### ENTRIES SUPPLIED
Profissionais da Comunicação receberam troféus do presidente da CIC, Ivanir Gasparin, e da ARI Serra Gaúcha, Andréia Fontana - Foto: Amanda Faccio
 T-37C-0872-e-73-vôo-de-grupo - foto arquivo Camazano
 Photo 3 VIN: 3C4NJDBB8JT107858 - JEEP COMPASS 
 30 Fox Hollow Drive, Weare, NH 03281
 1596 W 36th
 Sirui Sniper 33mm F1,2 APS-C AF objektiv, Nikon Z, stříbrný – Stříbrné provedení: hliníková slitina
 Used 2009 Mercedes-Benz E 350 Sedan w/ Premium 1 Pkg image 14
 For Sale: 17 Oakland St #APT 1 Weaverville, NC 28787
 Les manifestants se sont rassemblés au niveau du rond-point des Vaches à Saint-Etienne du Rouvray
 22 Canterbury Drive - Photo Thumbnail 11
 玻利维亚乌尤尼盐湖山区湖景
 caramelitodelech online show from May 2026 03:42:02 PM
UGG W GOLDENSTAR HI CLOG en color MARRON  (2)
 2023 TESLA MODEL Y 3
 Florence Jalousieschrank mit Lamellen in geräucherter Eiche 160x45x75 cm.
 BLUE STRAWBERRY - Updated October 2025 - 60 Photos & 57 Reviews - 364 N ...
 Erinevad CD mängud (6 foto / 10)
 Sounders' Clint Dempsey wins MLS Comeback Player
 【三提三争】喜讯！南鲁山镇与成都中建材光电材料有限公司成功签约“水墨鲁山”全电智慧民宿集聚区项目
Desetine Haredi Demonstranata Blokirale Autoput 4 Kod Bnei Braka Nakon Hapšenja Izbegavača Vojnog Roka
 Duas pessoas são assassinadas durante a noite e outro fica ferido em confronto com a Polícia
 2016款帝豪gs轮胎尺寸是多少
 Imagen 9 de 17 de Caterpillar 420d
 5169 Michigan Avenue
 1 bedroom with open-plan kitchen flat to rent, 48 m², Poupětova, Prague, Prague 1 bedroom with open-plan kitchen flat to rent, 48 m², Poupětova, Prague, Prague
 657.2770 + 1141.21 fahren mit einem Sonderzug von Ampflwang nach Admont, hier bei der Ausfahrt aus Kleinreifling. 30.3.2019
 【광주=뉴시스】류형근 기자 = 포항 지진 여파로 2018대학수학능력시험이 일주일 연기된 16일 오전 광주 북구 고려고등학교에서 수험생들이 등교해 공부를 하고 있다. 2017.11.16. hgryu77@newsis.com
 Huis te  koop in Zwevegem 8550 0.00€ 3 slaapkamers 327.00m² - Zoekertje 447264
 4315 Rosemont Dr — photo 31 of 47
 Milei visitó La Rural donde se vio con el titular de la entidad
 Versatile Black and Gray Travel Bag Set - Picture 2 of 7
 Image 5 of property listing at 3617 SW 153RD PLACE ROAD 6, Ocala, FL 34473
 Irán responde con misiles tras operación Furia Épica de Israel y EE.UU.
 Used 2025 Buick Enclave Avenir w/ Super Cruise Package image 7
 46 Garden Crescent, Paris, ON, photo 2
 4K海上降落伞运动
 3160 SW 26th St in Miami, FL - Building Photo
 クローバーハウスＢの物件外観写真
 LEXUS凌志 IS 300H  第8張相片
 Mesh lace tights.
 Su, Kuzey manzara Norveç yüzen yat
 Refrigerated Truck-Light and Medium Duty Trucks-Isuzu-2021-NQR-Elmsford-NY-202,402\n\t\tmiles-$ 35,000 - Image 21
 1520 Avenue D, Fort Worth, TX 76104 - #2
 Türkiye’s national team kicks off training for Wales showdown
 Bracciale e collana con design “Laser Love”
######
[INSTRUCTIONS FOR THE TASK]: Nothing but the lines from the one containing "46 Garden Crescent, Paris, ON, photo 2" to the end of the entries belongs in the answer, and each must match exactly.

[OUTPUT]:
 46 Garden Crescent, Paris, ON, photo 2
 4K海上降落伞运动
 3160 SW 26th St in Miami, FL - Building Photo
 クローバーハウスＢの物件外観写真
 LEXUS凌志 IS 300H  第8張相片
 Mesh lace tights.
 Su, Kuzey manzara Norveç yüzen yat
 Refrigerated Truck-Light and Medium Duty Trucks-Isuzu-2021-NQR-Elmsford-NY-202,402\n\t\tmiles-$ 35,000 - Image 21
 1520 Avenue D, Fort Worth, TX 76104 - #2
 Türkiye’s national team kicks off training for Wales showdown
 Bracciale e collana con design “Laser Love”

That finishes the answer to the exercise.